AP: Come ti stai allenando in vista dei prossimi Assoluti? Conosci già il campo di gara? Cosa ne pensi?
Maria Fanito: Mi sto allenando con grande costanza e impegno. Alterno la palestra al lavoro in piscina, dove mi dedico alla statica e alla dinamica. Quando le condizioni meteo lo permettono, vado al mare praticamente tutti i giorni. Dedico anche 5 o 6 ore per ogni uscita in acqua, cercando di affinare tecnica e resistenza.
Ho avuto una piccola battuta d’arresto nelle scorse settimane a causa di un’infiammazione, per cui ho dovuto seguire alcune terapie, ma per fortuna adesso sono tornata operativa. Il movimento in mare non mi dà fastidio, quindi riesco comunque ad allenarmi in acqua.
Per quanto riguarda il campo gara, non lo conosco ancora nel dettaglio, ma so che si tratta di un campo basso, cosa che mi fa molto piacere. Finalmente è stata fatta una scelta importante e intelligente: separare i campi maschili da quelli femminili, così da adattare meglio le caratteristiche dei percorsi alle specificità delle atlete. Per quanto riguarda l’altro campo previsto, avrò modo di studiarlo nei prossimi giorni.
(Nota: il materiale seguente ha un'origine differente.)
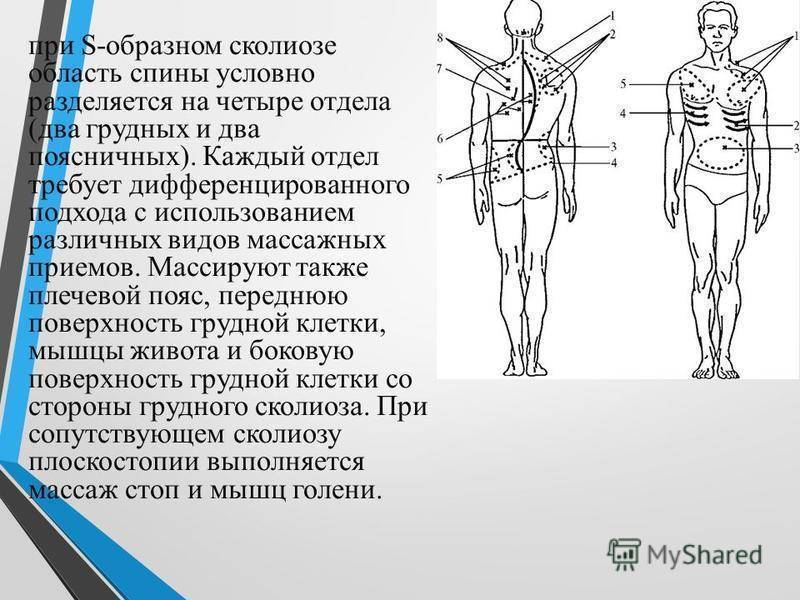 Массаж при сколиозе. Методика массажа при сколиозе у детей. Массаж при сколиозе позвоночника. Массаж при сколиозе у детей.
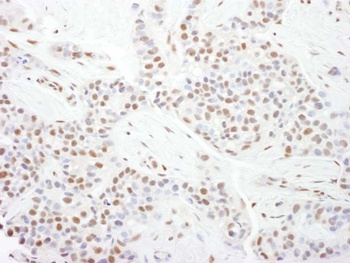 Rabbit anti-CDK9 Antibody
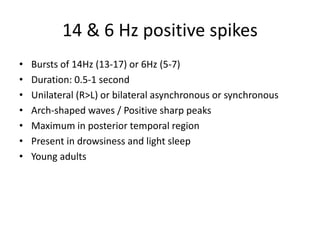 14 & 6 Hz positive spikes
• Bursts of 14Hz (13-17) or 6Hz (5-7)
• Duration: 0.5-1 second
• Unilateral (R>L) or bilateral asynchronous or synchronous
• Arch-shaped waves / Positive sharp peaks
• Maximum in posterior temporal region
• Present in drowsiness and light sleep
• Young adults
 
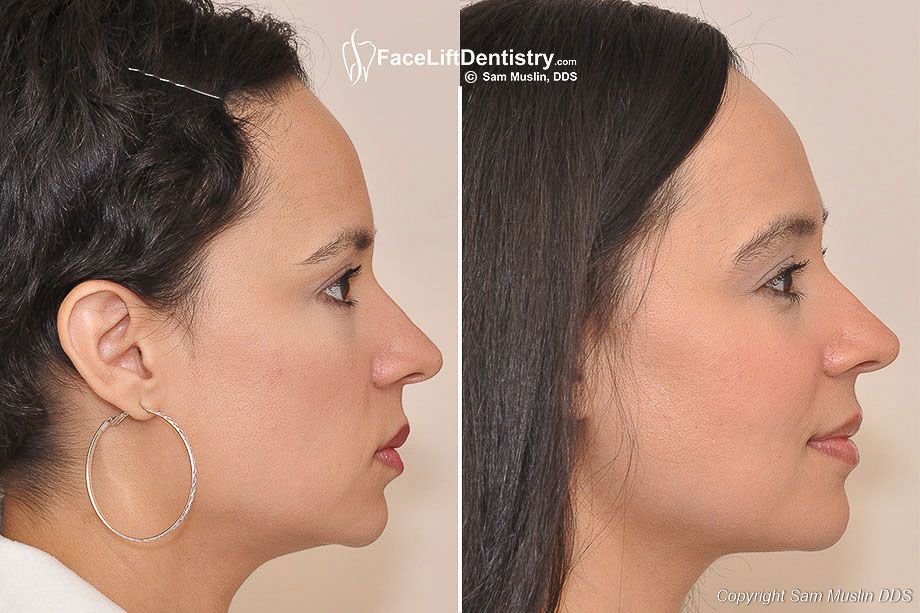 Iz arhive dr. S. Muslina. Izvor: faceliftdentistry.com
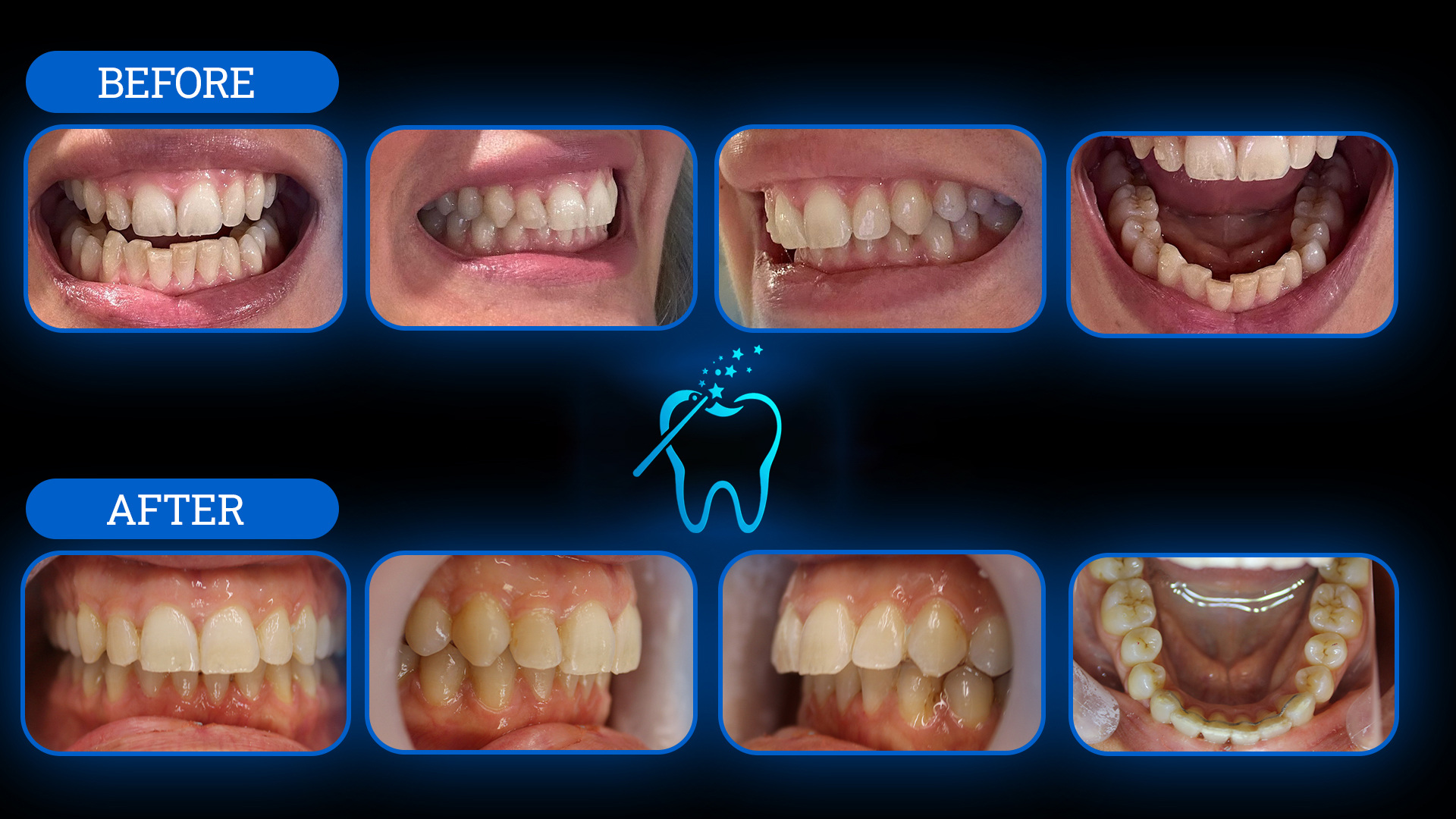 Tedavi Öncesi ve Sonrası 6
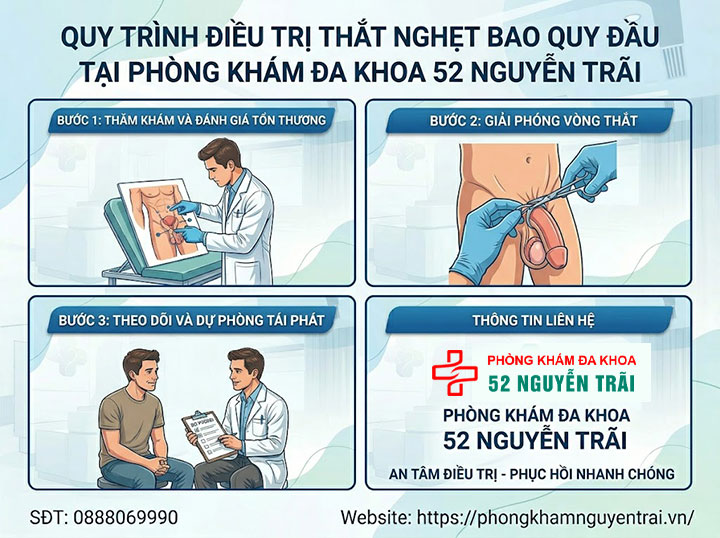 Cách chữa nghẹt bao quy đầu an toàn: Cảnh báo từ bác sĩ chuyên khoa 7 Ảnh minh hoạ: Quy trình điều trị thắt nghẹt bao quy đầu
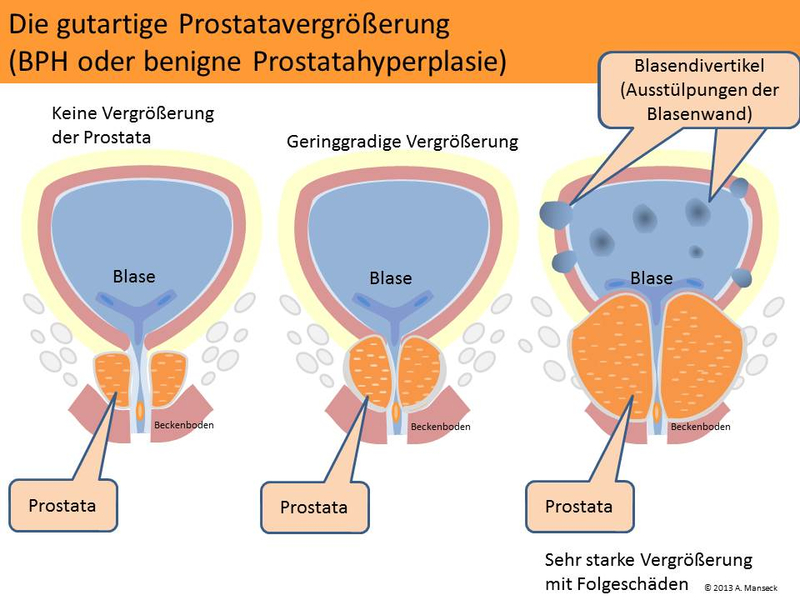 Prostatavergrößerung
AP: Un tuo pronostico: i primi cinque atleti, in ordine sparso, del prossimo Assoluto
Maria Fanito: Non amo fare previsioni, anche perché in gara possono accadere mille imprevisti. Ma se proprio devo sbilanciarmi, posso dire che ho visto Fazzolari molto in forma e ben preparato, è un agonista preciso e meticoloso. Poi ci sono i nomi “storici” come Puretti, De Mola e Dessì, che è un ottimo profondista. Ma attenzione anche a Cuccaro, Strambelli, Cubicciotto e Vallicelli: sono tutti atleti di grande livello e in eccellente condizione. Mi rendo conto di aver superato i cinque nomi richiesti, ma la verità è che il livello è altissimo e ci sono davvero tanti che possono ambire a un risultato importante.
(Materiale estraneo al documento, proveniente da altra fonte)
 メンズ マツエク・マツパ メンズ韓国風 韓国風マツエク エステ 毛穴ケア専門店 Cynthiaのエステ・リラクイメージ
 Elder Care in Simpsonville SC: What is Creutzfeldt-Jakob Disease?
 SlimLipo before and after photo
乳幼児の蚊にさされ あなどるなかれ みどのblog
AP: Sei da poco entrata a far parte del Team Pescador, quali sono le tue prime impressioni sulle attrezzature che stai usando e quale la preferita tra quelle che porterai all’Assoluto?
Maria Fanito: Sto provando la muta che è ottima: io adoro le mute in yamamoto 39, sono morbidissime, mi vestono talmente bene che sembrano fatte su misura per me. Ottimo materiale anche per la mia pelle sensibile.
Ho provato e porterò all’Assoluto l’arbalete Pacific da 75 cm, solitamente pesco con i cortissimi e fiocina e devo riconoscere che ho preso subito la mano con questo, apprezzo la precisione del tiro e l’ottimo brandeggio.